YOUR OBJECTIVE: The output is the lines below from the one with "小鱼儿玄机二站资料提供资料，精确分析应用QZ428.312" through the one with "Attēlu rezultāti vaicājumam", both included, printed exactly and with no other line.

DATA EXTRACTS:
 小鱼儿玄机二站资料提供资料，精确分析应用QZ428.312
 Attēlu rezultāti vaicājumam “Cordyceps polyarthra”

* * *

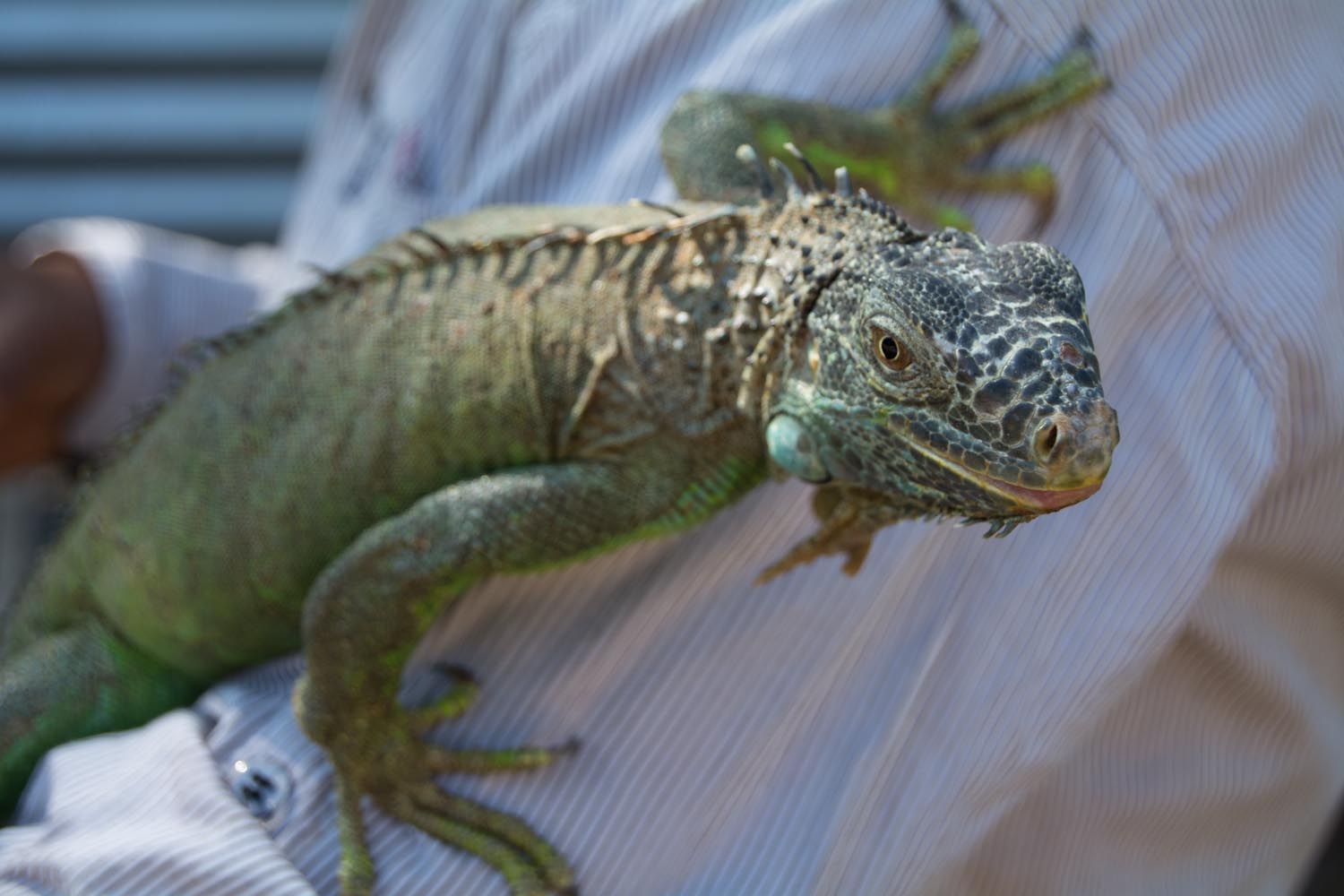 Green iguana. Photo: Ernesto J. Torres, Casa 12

ANSWER BOX:
 小鱼儿玄机二站资料提供资料，精确分析应用QZ428.312
 Attēlu rezultāti vaicājumam “Cordyceps polyarthra”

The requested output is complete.